### EXERCISE DIRECTIONS
All of the data, word for word and free of pictures, is the expected result.

### Data extracted from a collection

****

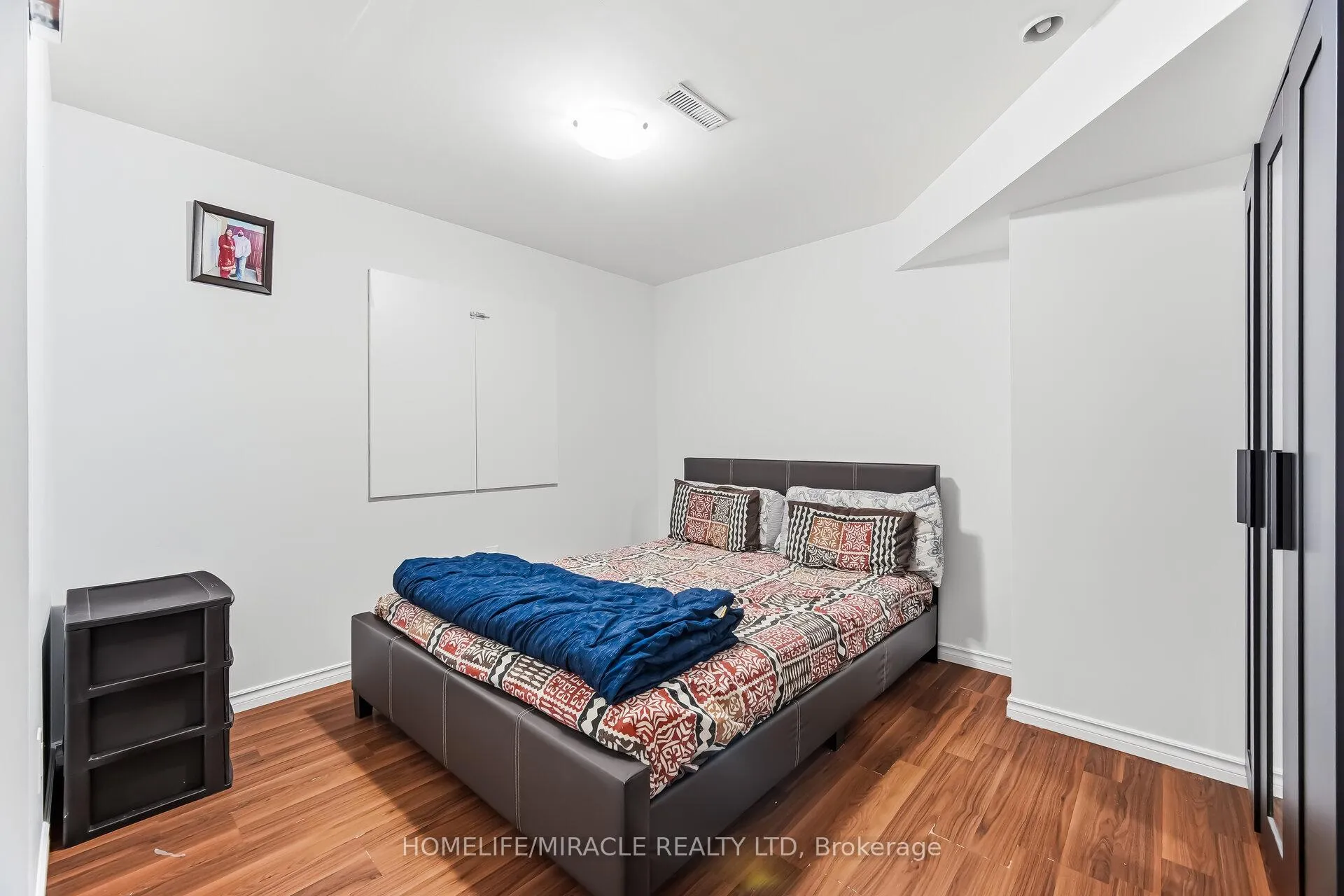 Photo 29 of 98 Owlridge Drive E, Brampton, Credit Valley — HOMEH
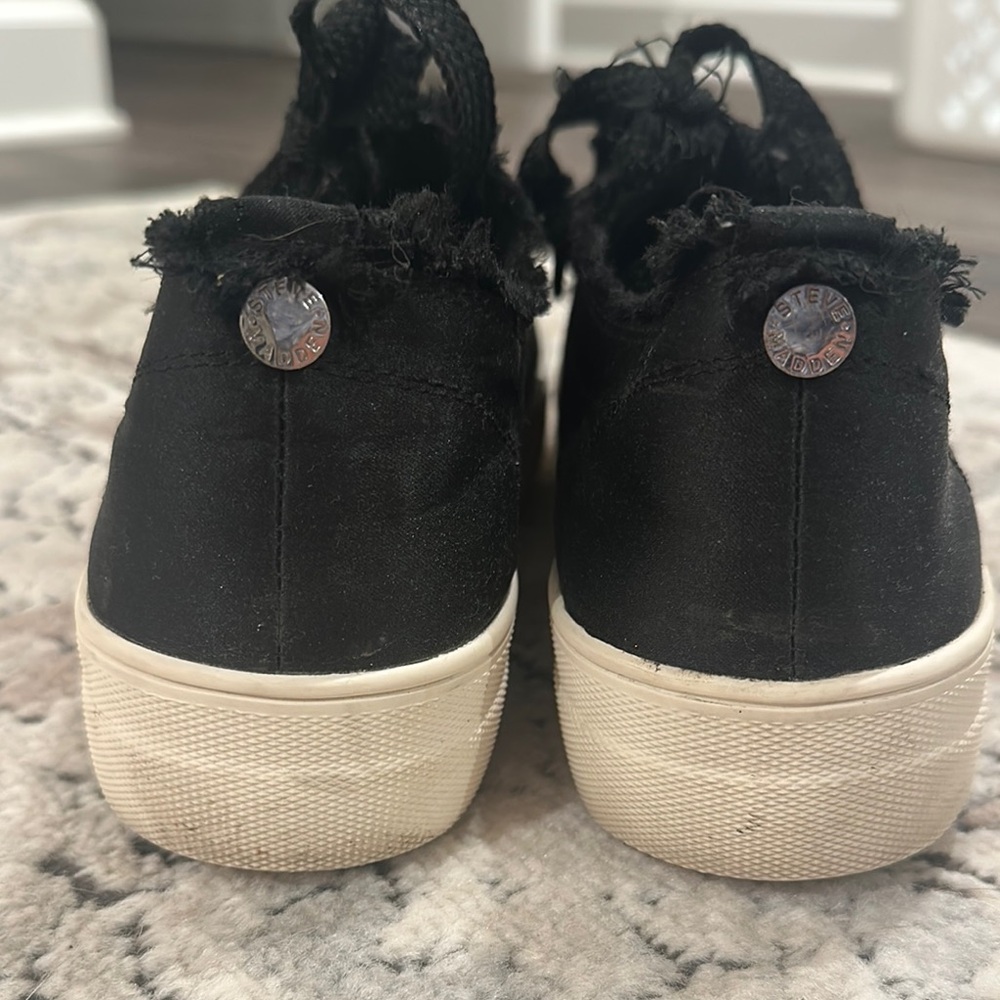 Steve Madden Greyla Black Satin Platform Sneakers, good condition - Picture 2 of 4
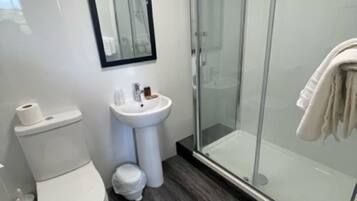 Family Room 2 Adults, 2 Children | Badezimmer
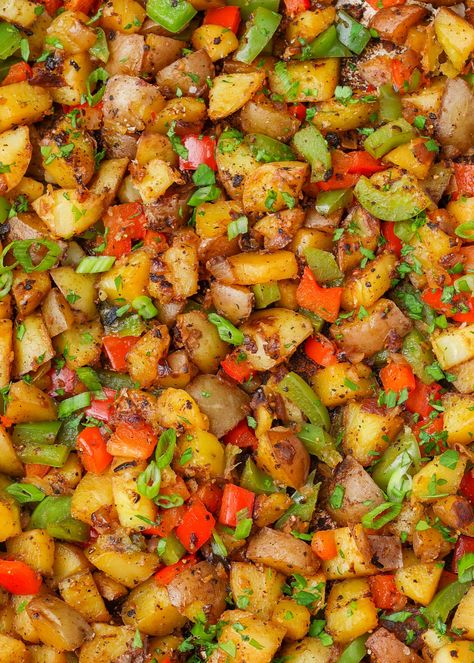 Skillet Potatoes with Peppers and Onions Breakfast Potatoes Skillet, Potato Breakfast Recipes, Red Potato Recipes, Sauteed Potatoes, Perfect Baked Potato, Potatoes In Oven, Frozen Potatoes, Skillet Potatoes, Cheese Pancakes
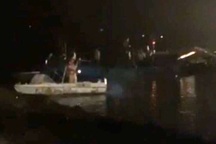 Đắm tàu chở hàng trên sông Hồng, 7 người may mắn thoát nạn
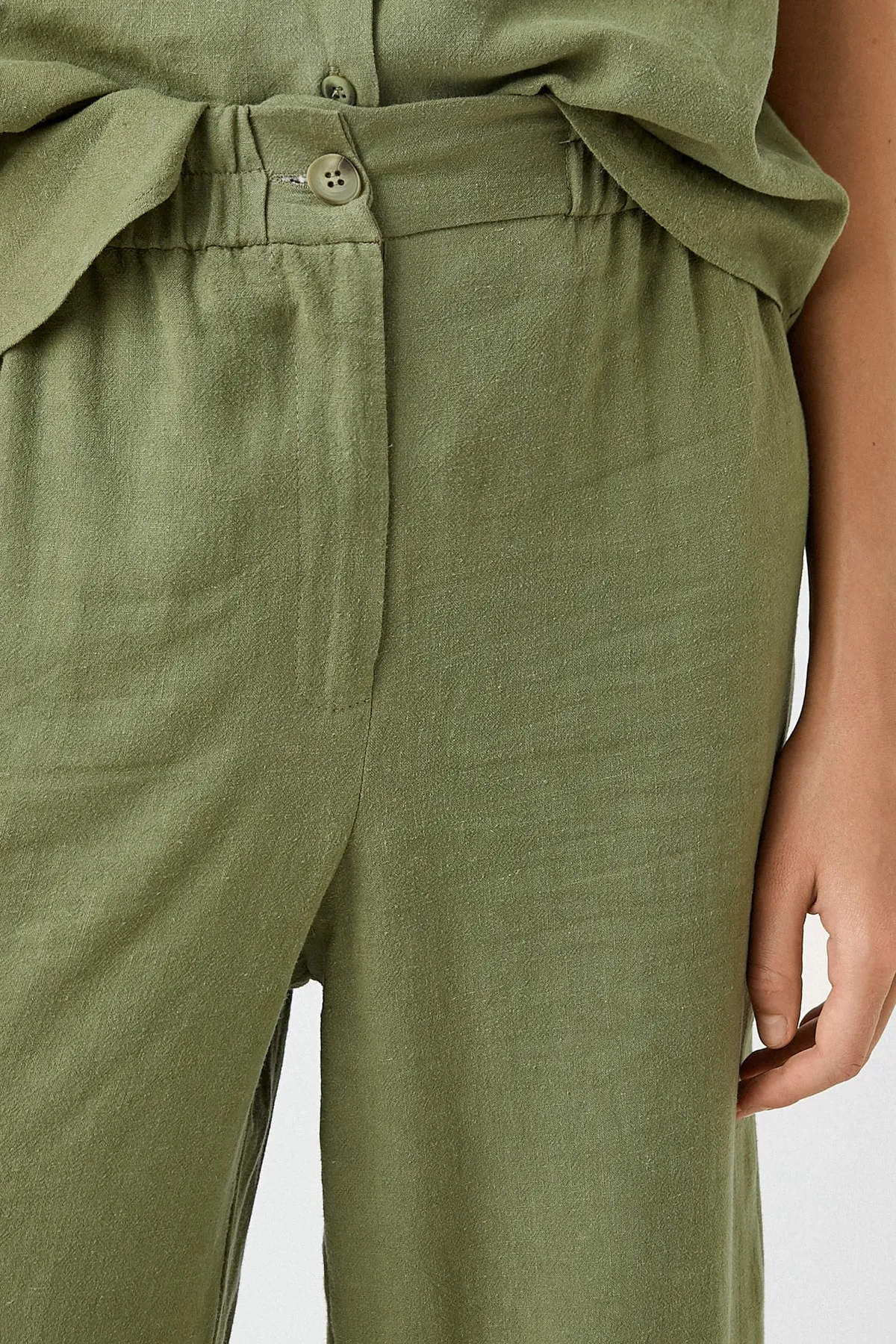 Koton  Khaki-Hose für Damen 2SAK40002PW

****

### TASK RESULT
 Photo 29 of 98 Owlridge Drive E, Brampton, Credit Valley — HOMEH
 Steve Madden Greyla Black Satin Platform Sneakers, good condition - Picture 2 of 4
 Family Room 2 Adults, 2 Children | Badezimmer
 Skillet Potatoes with Peppers and Onions Breakfast Potatoes Skillet, Potato Breakfast Recipes, Red Potato Recipes, Sauteed Potatoes, Perfect Baked Potato, Potatoes In Oven, Frozen Potatoes, Skillet Potatoes, Cheese Pancakes
 Đắm tàu chở hàng trên sông Hồng, 7 người may mắn thoát nạn
 Koton  Khaki-Hose für Damen 2SAK40002PW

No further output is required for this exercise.